Before Bell, C.j., Musmanno, Jones, Cohen, Eagen, O'brien and Roberts, JJ.
[ 411 Pa. Page 215]
OPINION BY MR. JUSTICE COHEN
A fire occurred at premises owned by appellant-insured in which personal property belonging to two individuals was damaged. These parties brought a suit against appellant which appellee-insurer refused to defend on the ground that the loss was specifically excluded from the coverage of appellant's comprehensive personal liability insurance policy. Judgments were recovered against appellant which he satisfied. He then brought this action against appellee to recover the amounts paid on the judgments and the costs of defending these suits.*fn1
The policy in question insures, inter alia, against liability for property damage resulting from the use of certain premises. In denying coverage, appellee set forth as new matter exclusion (e) of the policy which provides that "[this] policy does not apply to new construction or demolition operations ... performed by or under contract with the named insured." In his answer to appellee's new matter, appellant admitted that at the time of the fire an adjoining building, also owned by him, was being demolished. On the basis of this answer - which did not admit that the demolition work had any casual connection with the fire - appellee moved for judgment on the pleadings. He argued that exclusion (e) eliminates from coverage losses occurring while demolition is being undertaken on adjoining buildings, regardless of whether there is any casual connection between the loss and the demolition work.
[ 411 Pa. Page 216]
Appellant opposed the motion asserting that exclusion (e) requires such a casual connection. The court below granted appellee's motion for judgment on the pleadings and this appeal followed.

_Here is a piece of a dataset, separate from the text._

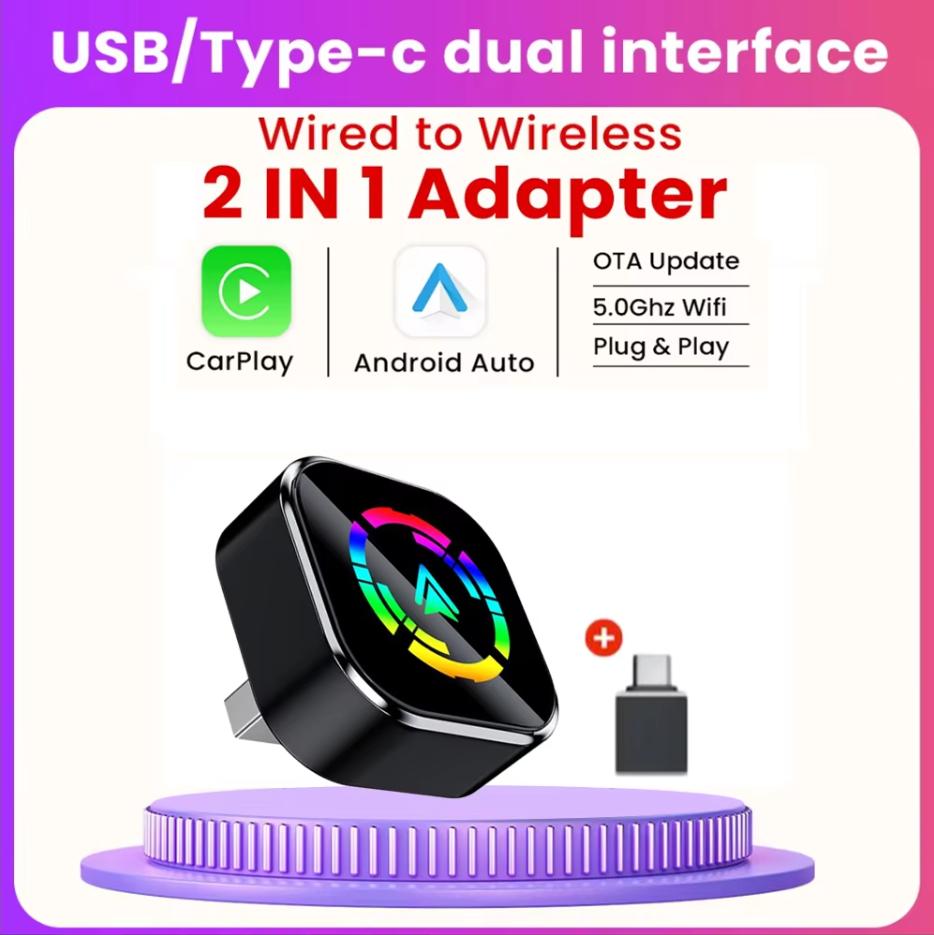 2 In 1 Wired to Wireless Carplay AI Box Android Auto Adapter Plug & Play USB Dongle For 98% OEM Car Wired Carplay Android Auto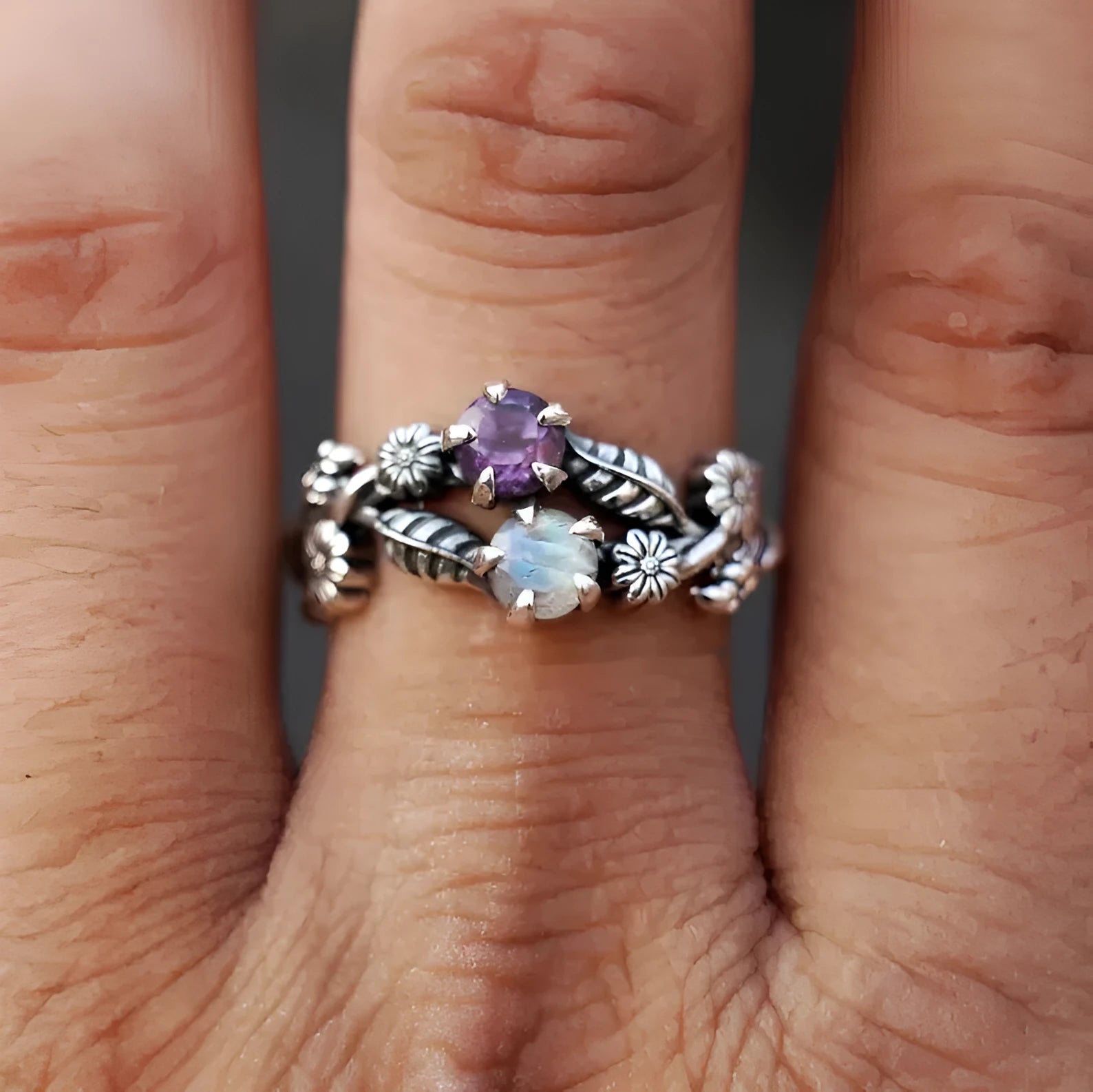 Purple gemstone flower ring for women in silver zinc alloy, available in sizes 6 to 10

We hold that the court below committed error. Since the meaning of the clause in question is not clear, any ambiguities must be resolved in favor of the insured. See Weissman v. Prashker, 405 Pa. 226, 175 A.2d 63 (1961). In addition, the more reasonable interpretation of exclusion (e) is to require a casual connection between the loss and the construction of demolition operations. The purpose of the exclusionary clauses of this policy would seem to be one of eliminating from coverage losses resulting from certain enumerated risks. It seems unlikely that the parties intended to suspend coverage completely during the occurrence of certain events, such as demolition. For example, exclusion (b) contains language similar to exclusion (e) with regard to the operation of elevators. Certainly it was not the intention of the parties that a loss should be excluded because it happened to occur while an elevator was being operated in the building. Cf. Employers' Liability Assur. Corp. v. Youghiogheny & Ohio Coal Co., 214 F.2d 418 (8th Cir. 1954).
Since the factual question of whether the fire was caused by the demolition work remains unresolved by the pleadings, judgment on the pleadings was improperly granted.